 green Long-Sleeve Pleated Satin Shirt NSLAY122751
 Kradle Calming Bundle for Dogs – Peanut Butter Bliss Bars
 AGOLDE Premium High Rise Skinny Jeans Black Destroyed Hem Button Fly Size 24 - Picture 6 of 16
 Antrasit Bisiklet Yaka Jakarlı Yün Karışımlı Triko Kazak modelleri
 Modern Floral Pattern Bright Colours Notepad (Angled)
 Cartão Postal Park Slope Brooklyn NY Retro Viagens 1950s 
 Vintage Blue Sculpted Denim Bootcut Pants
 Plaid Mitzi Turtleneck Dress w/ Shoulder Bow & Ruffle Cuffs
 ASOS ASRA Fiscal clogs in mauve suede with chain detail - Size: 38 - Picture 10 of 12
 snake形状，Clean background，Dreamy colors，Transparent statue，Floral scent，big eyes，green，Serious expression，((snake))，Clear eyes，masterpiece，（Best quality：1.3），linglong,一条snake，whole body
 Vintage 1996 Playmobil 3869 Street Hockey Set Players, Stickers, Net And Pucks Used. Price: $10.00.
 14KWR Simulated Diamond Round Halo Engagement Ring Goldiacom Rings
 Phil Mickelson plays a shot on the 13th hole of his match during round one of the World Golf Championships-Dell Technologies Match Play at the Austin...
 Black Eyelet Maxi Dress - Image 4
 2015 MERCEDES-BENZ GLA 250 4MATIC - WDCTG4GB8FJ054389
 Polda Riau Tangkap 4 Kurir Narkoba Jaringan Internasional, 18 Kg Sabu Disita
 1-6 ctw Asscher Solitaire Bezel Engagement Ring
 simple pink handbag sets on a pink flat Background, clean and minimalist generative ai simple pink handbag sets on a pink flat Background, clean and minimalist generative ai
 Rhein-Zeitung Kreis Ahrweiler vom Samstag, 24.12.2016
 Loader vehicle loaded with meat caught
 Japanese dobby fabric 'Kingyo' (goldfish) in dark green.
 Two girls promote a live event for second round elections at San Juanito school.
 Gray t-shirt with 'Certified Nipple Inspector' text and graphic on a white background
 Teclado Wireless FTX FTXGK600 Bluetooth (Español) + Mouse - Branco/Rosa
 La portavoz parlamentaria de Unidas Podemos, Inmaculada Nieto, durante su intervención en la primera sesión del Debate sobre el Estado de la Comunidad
┄┄┄┄┄┄┄┄┄┄
Task directions:
Copy every line that includes the string "Picture" from the material above.

Reply:
 AGOLDE Premium High Rise Skinny Jeans Black Destroyed Hem Button Fly Size 24 - Picture 6 of 16
 ASOS ASRA Fiscal clogs in mauve suede with chain detail - Size: 38 - Picture 10 of 12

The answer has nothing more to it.